From the data that follows, set down exactly the lines from the one with "Charger l&#39;image dans" through the one with "Under Armour Women's", counting both. Pictures stay out.

(MATERIAL PROVIDED Opens)

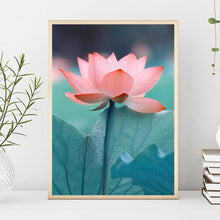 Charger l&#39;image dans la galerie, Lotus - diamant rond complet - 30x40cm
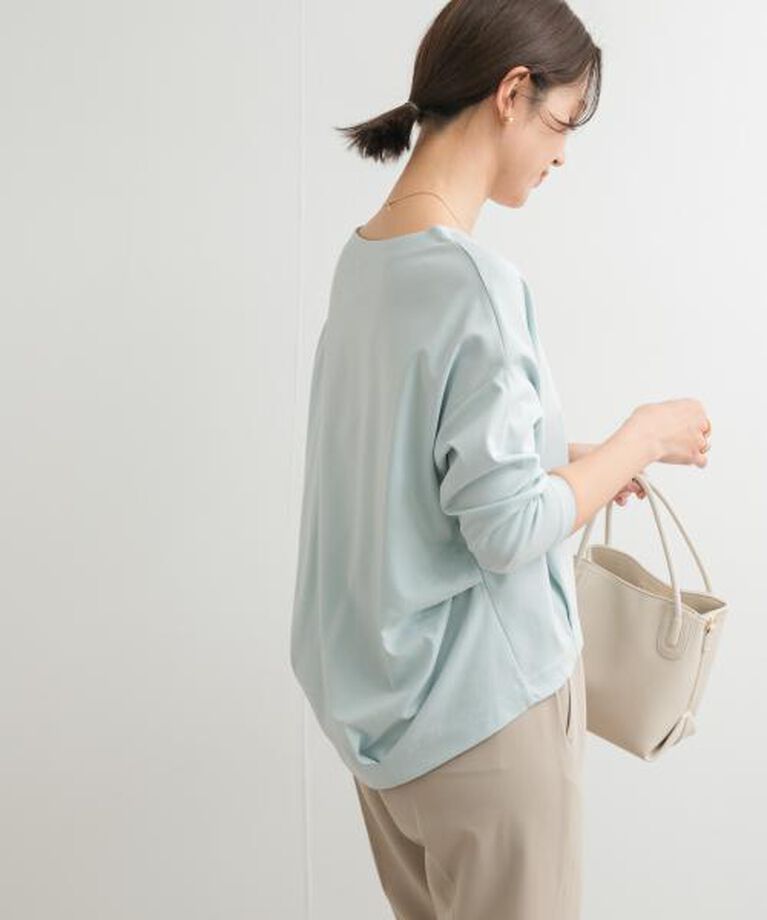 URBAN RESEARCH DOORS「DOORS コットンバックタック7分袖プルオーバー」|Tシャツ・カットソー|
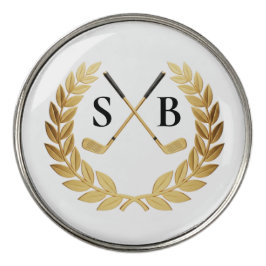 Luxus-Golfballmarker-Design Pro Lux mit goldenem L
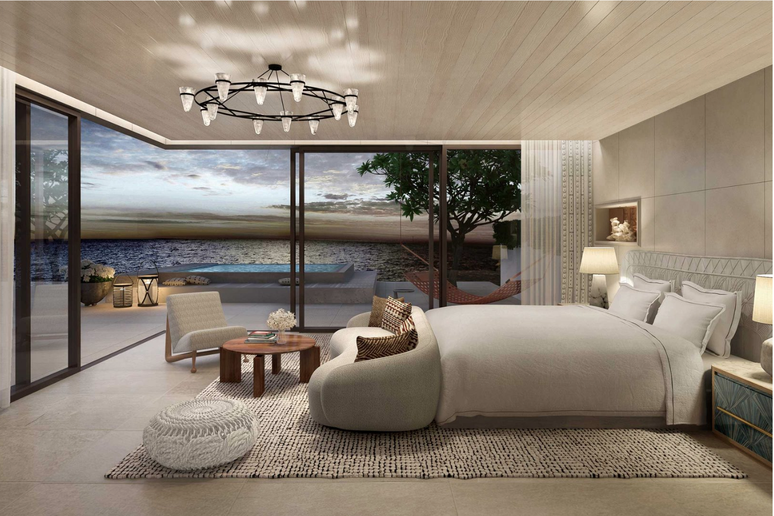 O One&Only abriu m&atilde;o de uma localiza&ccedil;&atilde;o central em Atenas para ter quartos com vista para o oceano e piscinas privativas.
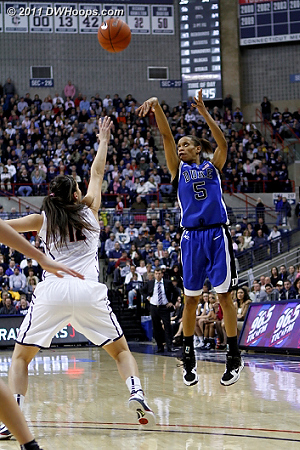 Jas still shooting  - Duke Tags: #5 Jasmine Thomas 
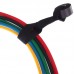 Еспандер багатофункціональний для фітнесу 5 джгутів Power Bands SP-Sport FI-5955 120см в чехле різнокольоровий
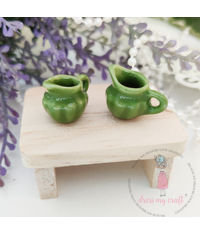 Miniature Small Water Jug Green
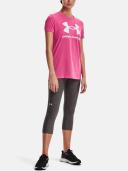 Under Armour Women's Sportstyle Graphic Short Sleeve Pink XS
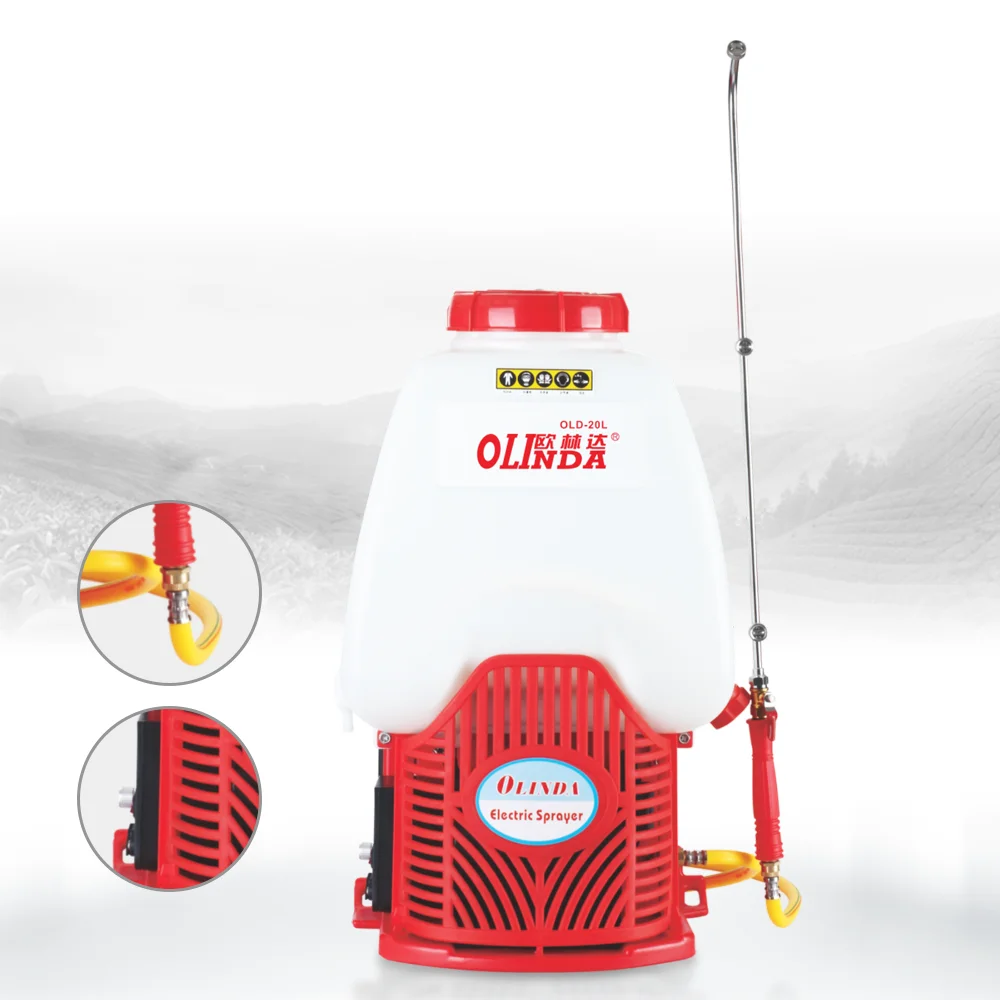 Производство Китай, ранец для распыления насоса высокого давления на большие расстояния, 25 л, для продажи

(MATERIAL PROVIDED Closes)
(MATERIAL PROVIDED Opens)

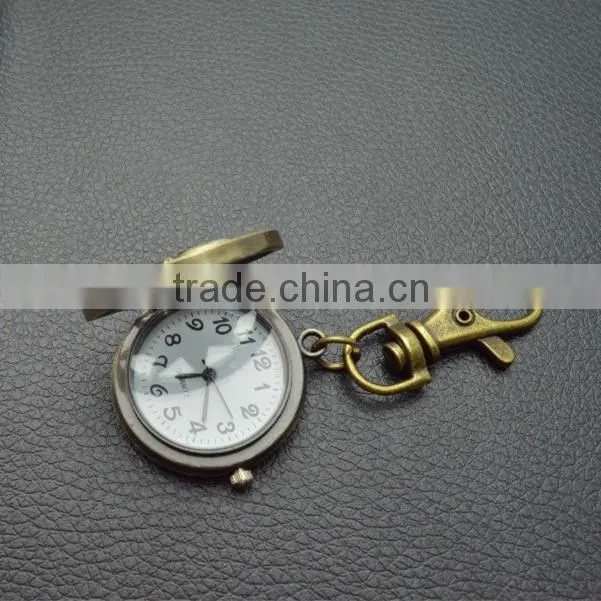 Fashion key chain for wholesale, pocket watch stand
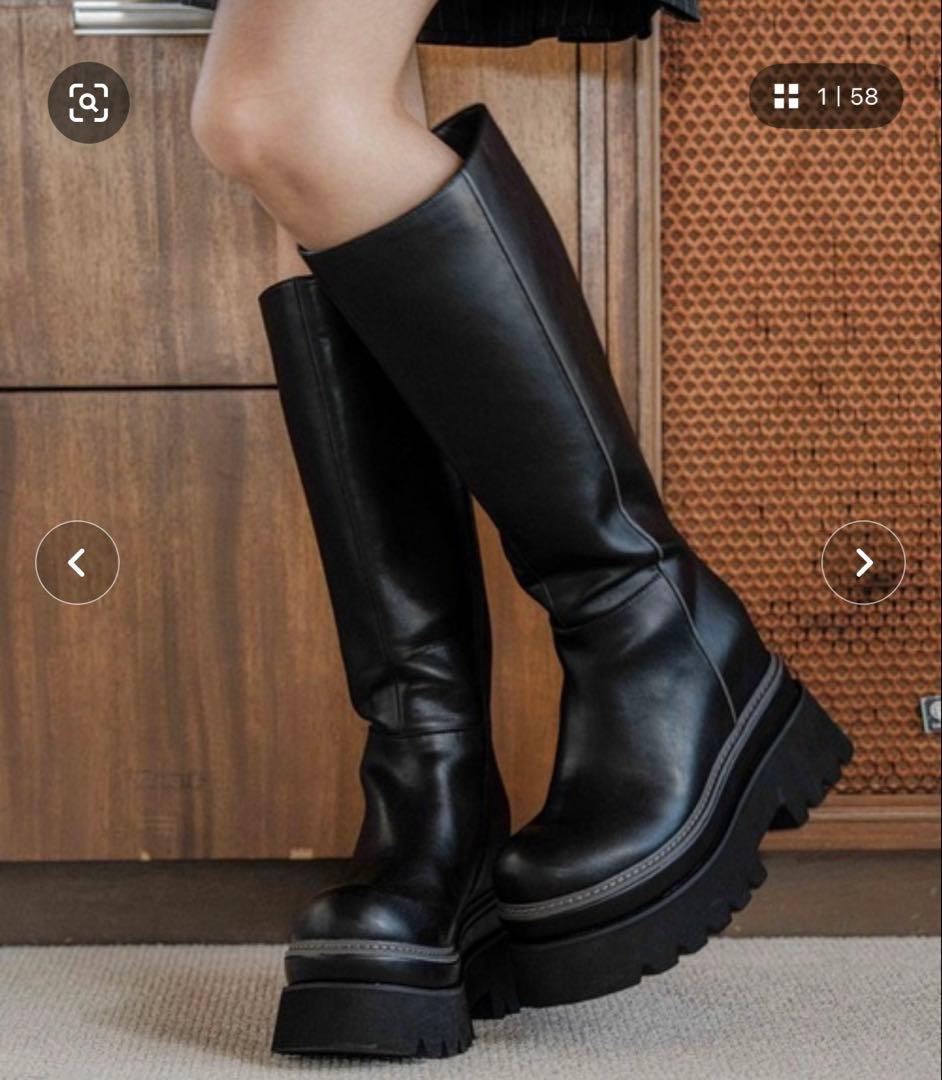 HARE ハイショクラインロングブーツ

(MATERIAL PROVIDED Closes)

OUTPUT OF THE TASK.
 Charger l&#39;image dans la galerie, Lotus - diamant rond complet - 30x40cm
 URBAN RESEARCH DOORS「DOORS コットンバックタック7分袖プルオーバー」|Tシャツ・カットソー|
 Luxus-Golfballmarker-Design Pro Lux mit goldenem L
 O One&Only abriu m&atilde;o de uma localiza&ccedil;&atilde;o central em Atenas para ter quartos com vista para o oceano e piscinas privativas.
 Jas still shooting  - Duke Tags: #5 Jasmine Thomas 
 Еспандер багатофункціональний для фітнесу 5 джгутів Power Bands SP-Sport FI-5955 120см в чехле різнокольоровий
 Miniature Small Water Jug Green
 Under Armour Women's Sportstyle Graphic Short Sleeve Pink XS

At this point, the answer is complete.